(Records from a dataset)
****

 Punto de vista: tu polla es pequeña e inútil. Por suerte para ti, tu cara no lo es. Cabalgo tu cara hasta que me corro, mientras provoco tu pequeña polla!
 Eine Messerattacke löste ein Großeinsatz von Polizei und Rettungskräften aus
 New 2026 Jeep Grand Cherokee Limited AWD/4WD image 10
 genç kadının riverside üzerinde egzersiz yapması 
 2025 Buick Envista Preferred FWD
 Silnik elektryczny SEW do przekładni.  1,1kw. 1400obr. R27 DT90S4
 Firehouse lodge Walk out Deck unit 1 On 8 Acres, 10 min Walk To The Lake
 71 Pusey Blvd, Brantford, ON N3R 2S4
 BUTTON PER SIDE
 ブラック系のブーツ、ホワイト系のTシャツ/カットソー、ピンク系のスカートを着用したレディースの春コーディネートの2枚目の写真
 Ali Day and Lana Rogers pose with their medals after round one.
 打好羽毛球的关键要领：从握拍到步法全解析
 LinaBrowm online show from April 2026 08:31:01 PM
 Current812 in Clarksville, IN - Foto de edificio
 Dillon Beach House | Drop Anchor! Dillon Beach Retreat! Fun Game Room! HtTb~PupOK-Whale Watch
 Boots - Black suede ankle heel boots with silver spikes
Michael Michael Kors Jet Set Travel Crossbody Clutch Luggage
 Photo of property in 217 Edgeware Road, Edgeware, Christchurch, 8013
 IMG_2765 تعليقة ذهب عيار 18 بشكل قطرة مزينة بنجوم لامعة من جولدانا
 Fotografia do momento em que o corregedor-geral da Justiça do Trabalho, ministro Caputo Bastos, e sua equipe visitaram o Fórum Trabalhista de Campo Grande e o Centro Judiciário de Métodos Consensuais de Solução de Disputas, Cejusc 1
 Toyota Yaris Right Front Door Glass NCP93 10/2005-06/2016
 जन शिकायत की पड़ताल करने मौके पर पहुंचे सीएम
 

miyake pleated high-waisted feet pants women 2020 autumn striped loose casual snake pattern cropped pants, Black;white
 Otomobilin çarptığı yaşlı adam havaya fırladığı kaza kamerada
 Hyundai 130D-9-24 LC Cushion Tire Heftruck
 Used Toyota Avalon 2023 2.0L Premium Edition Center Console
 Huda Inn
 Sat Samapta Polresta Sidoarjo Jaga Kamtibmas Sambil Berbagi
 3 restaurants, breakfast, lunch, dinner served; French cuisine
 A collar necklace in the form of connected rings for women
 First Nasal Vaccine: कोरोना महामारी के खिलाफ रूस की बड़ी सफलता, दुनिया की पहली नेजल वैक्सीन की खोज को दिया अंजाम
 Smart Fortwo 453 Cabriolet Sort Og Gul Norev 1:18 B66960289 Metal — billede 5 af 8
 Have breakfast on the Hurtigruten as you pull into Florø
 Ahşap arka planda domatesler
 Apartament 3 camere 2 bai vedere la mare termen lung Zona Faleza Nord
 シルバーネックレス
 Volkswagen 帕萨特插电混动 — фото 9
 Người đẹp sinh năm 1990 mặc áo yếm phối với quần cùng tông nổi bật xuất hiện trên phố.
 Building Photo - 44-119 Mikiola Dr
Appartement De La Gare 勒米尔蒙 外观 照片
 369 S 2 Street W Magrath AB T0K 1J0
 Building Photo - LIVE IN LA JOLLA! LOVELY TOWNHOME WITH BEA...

****

• TASK STATEMENT
In full and without alteration, reproduce the records above.

• ANSWER
 Punto de vista: tu polla es pequeña e inútil. Por suerte para ti, tu cara no lo es. Cabalgo tu cara hasta que me corro, mientras provoco tu pequeña polla!
 Eine Messerattacke löste ein Großeinsatz von Polizei und Rettungskräften aus
 New 2026 Jeep Grand Cherokee Limited AWD/4WD image 10
 genç kadının riverside üzerinde egzersiz yapması 
 2025 Buick Envista Preferred FWD
 Silnik elektryczny SEW do przekładni.  1,1kw. 1400obr. R27 DT90S4
 Firehouse lodge Walk out Deck unit 1 On 8 Acres, 10 min Walk To The Lake
 71 Pusey Blvd, Brantford, ON N3R 2S4
 BUTTON PER SIDE
 ブラック系のブーツ、ホワイト系のTシャツ/カットソー、ピンク系のスカートを着用したレディースの春コーディネートの2枚目の写真
 Ali Day and Lana Rogers pose with their medals after round one.
 打好羽毛球的关键要领：从握拍到步法全解析
 LinaBrowm online show from April 2026 08:31:01 PM
 Current812 in Clarksville, IN - Foto de edificio
 Dillon Beach House | Drop Anchor! Dillon Beach Retreat! Fun Game Room! HtTb~PupOK-Whale Watch
 Boots - Black suede ankle heel boots with silver spikes
Michael Michael Kors Jet Set Travel Crossbody Clutch Luggage
 Photo of property in 217 Edgeware Road, Edgeware, Christchurch, 8013
 IMG_2765 تعليقة ذهب عيار 18 بشكل قطرة مزينة بنجوم لامعة من جولدانا
 Fotografia do momento em que o corregedor-geral da Justiça do Trabalho, ministro Caputo Bastos, e sua equipe visitaram o Fórum Trabalhista de Campo Grande e o Centro Judiciário de Métodos Consensuais de Solução de Disputas, Cejusc 1
 Toyota Yaris Right Front Door Glass NCP93 10/2005-06/2016
 जन शिकायत की पड़ताल करने मौके पर पहुंचे सीएम
 

miyake pleated high-waisted feet pants women 2020 autumn striped loose casual snake pattern cropped pants, Black;white
 Otomobilin çarptığı yaşlı adam havaya fırladığı kaza kamerada
 Hyundai 130D-9-24 LC Cushion Tire Heftruck
 Used Toyota Avalon 2023 2.0L Premium Edition Center Console
 Huda Inn
 Sat Samapta Polresta Sidoarjo Jaga Kamtibmas Sambil Berbagi
 3 restaurants, breakfast, lunch, dinner served; French cuisine
 A collar necklace in the form of connected rings for women
 First Nasal Vaccine: कोरोना महामारी के खिलाफ रूस की बड़ी सफलता, दुनिया की पहली नेजल वैक्सीन की खोज को दिया अंजाम
 Smart Fortwo 453 Cabriolet Sort Og Gul Norev 1:18 B66960289 Metal — billede 5 af 8
 Have breakfast on the Hurtigruten as you pull into Florø
 Ahşap arka planda domatesler
 Apartament 3 camere 2 bai vedere la mare termen lung Zona Faleza Nord
 シルバーネックレス
 Volkswagen 帕萨特插电混动 — фото 9
 Người đẹp sinh năm 1990 mặc áo yếm phối với quần cùng tông nổi bật xuất hiện trên phố.
 Building Photo - 44-119 Mikiola Dr
Appartement De La Gare 勒米尔蒙 外观 照片
 369 S 2 Street W Magrath AB T0K 1J0
 Building Photo - LIVE IN LA JOLLA! LOVELY TOWNHOME WITH BEA...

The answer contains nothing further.